Wall Street Lays an Egg was a headline printed in Variety, a newspaper covering Hollywood and the entertainment industry, on October 30, 1929, over an article describing Black Tuesday, the height of the panic known as the Wall Street crash of 1929. (The actual headline text was WALL ST. LAYS AN EGG.) It is one of the most famous headlines ever to appear in an American publication and continues to be noted in history books into the 21st century.

"Laying an egg" is an American idiom, current particularly in 20th century show business, meaning "failing badly". Variety was noted for the slangy, breezy style of prose in its headlines and body text. Another famous headline in the paper was "Sticks Nix Hick Pix".

According to author Ken Bloom, Variety publisher Sime Silverman wrote the headline. However, Robert John Landry, who worked at Variety for 50 years, including as managing editor, says it was written by Variety city editor Claude Binyon. The report stated that several Broadway and film showmen had lost fortunes in the crash (although it named none) and predicted hard times ahead for theaters and escorts.

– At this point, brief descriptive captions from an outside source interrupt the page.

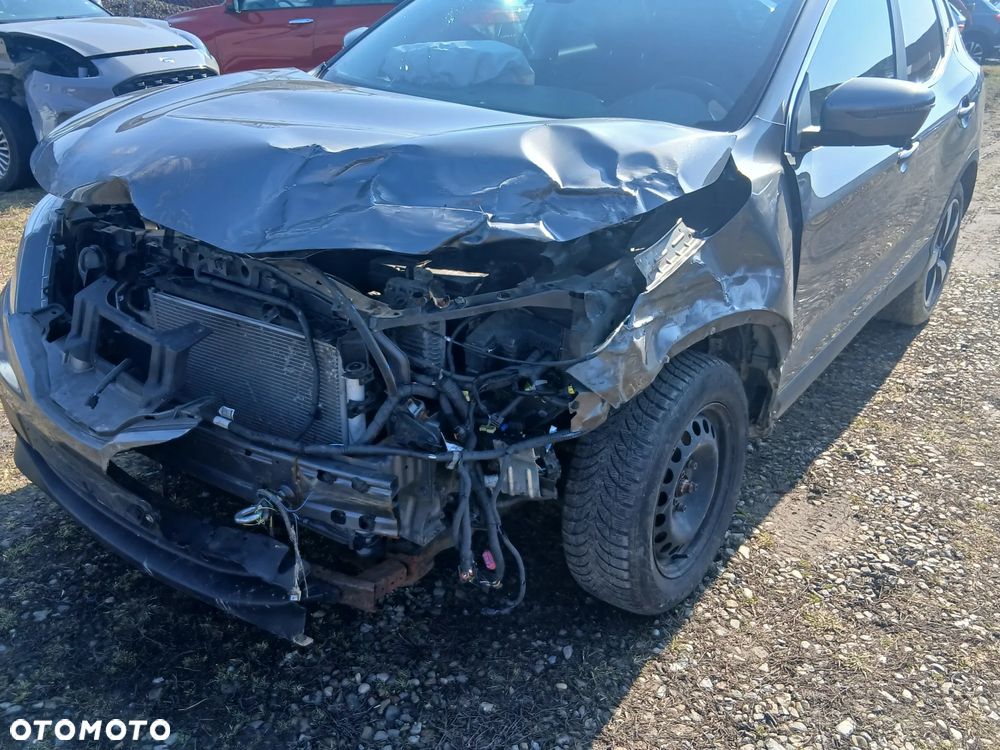 Nissan Qashqai 1.5 dCi Tekna+ - 6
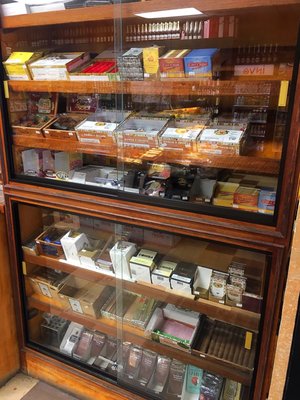 Bel-Clift Grocery by null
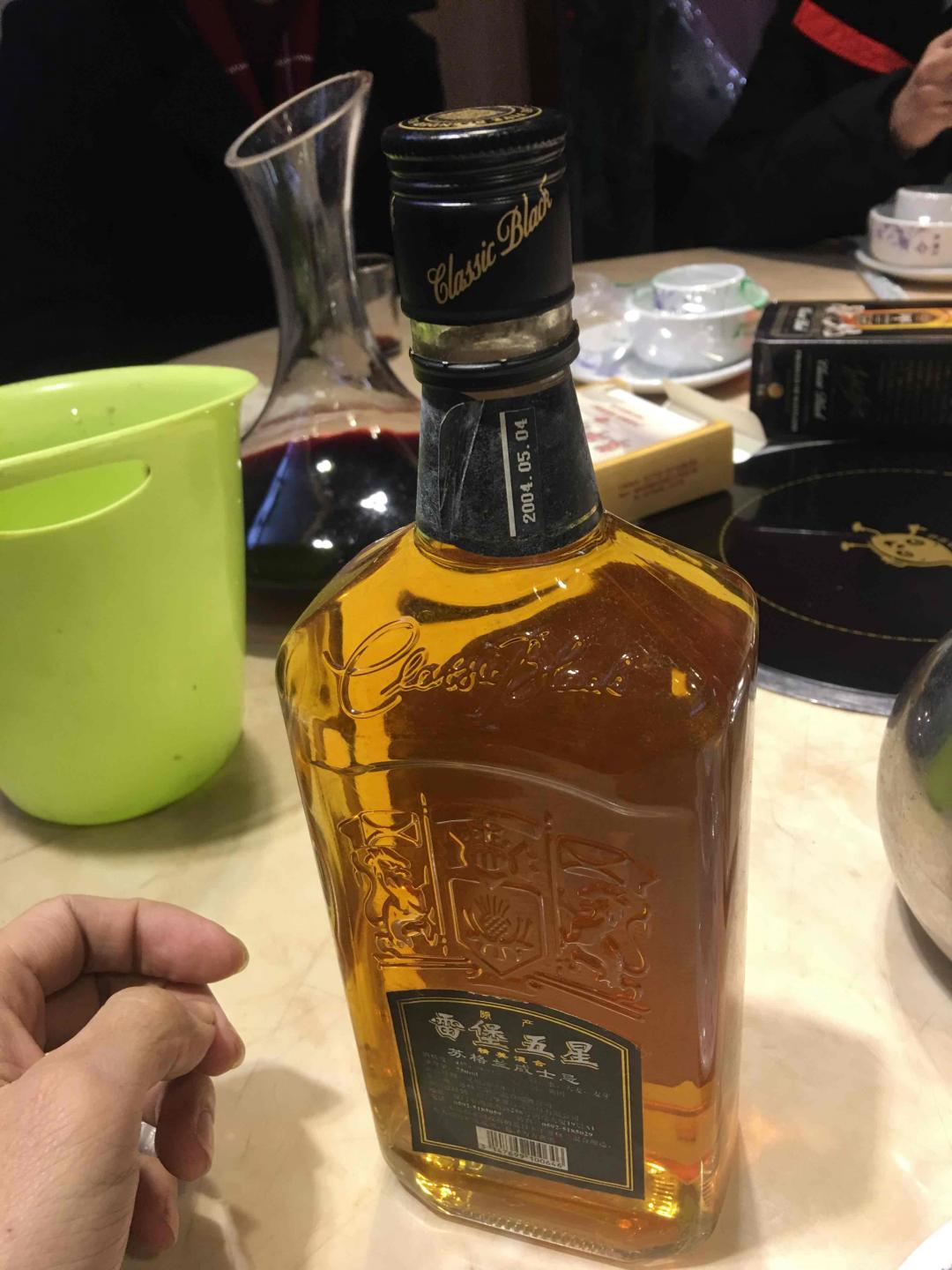 午饭感谢哥们的老酒一瓶<img src='https://sdata.whiskyworm.com/xcxpics/emoji_1.png' class='emoji' />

The phrase is sometimes still used to invoke the Great Crash. For example, the sub-chapter describing the Crash in the 1973 book A Random Walk Down Wall Street is titled "Wall Street Lays an Egg", as is chapter 18 of the 1996 book Lorenz Hart: A Poet on Broadway, and chapter 17 of the 2003 book New World Coming: The 1920s and the Making of Modern America.

Even into the 21st century, variations of the headline have been used to announce financial downturns, some by Variety itself ("Wall Street, Son of Egg" in 1962, "Wall Street Lays an Egg: The Sequel" in 1987), and some by other publications ("Wall Street Lays Another Egg" in Vanity Fair in 2008).